Data START
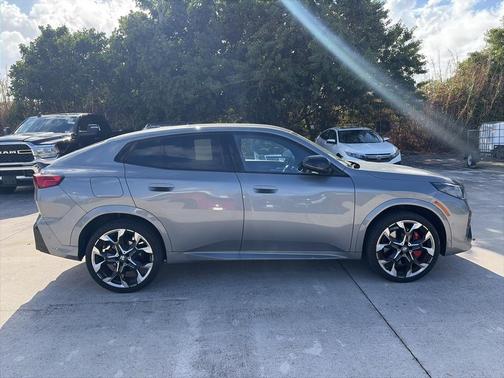 2025 BMW X2 xDrive28i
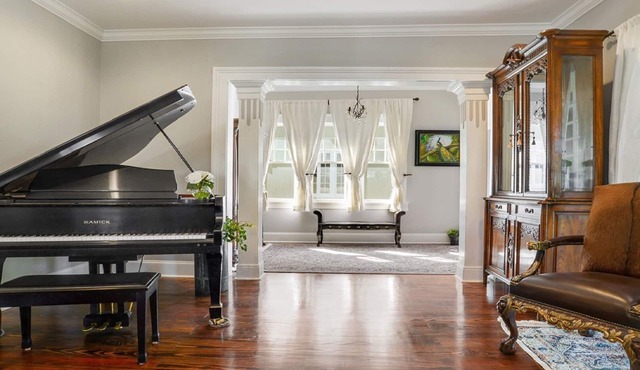 Luxury Home Near Streetcar & Riverbend STR License # 19-STR-17545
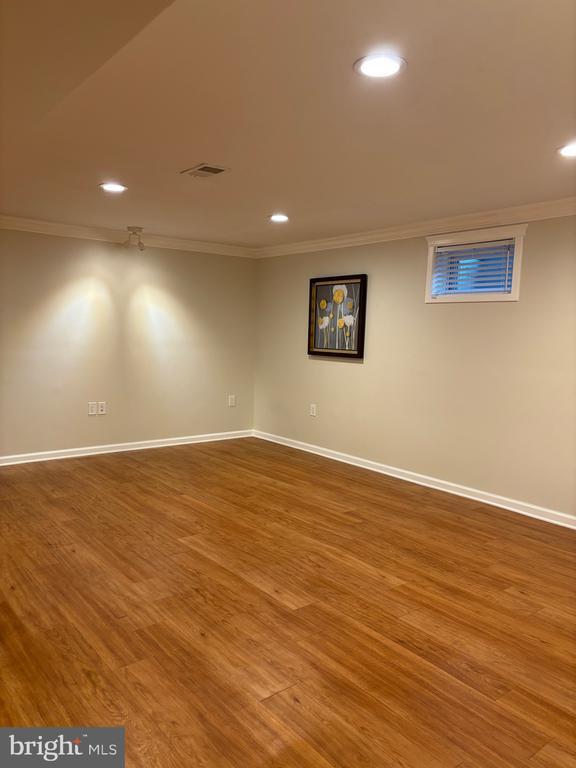Foto del edificio - 5025 Meade St NE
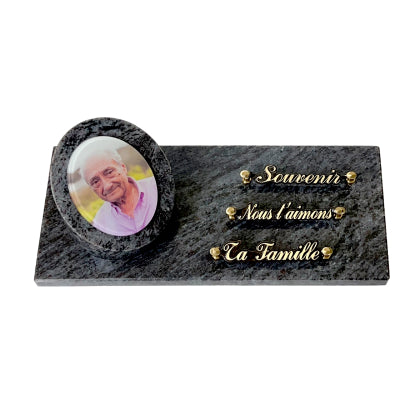 Plaque funéraire medaillon-sur-presentoir 12 Plaquedeces.fr
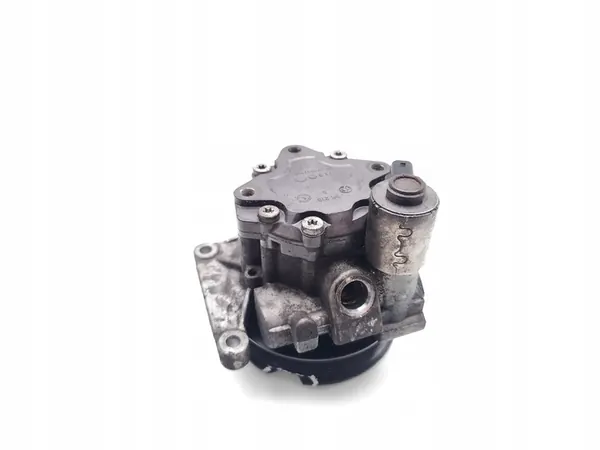 Bomba de Direção Assistida Mercedes W639 W906 OM651 A0064666601 image 6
Data END
## Activity
Give back exactly the lines from the one with "Luxury Home Near" through the end of the records above, inclusive, and omit any pictures.

## Answer section
 Luxury Home Near Streetcar & Riverbend STR License # 19-STR-17545
Foto del edificio - 5025 Meade St NE
 Plaque funéraire medaillon-sur-presentoir 12 Plaquedeces.fr
 Bomba de Direção Assistida Mercedes W639 W906 OM651 A0064666601 image 6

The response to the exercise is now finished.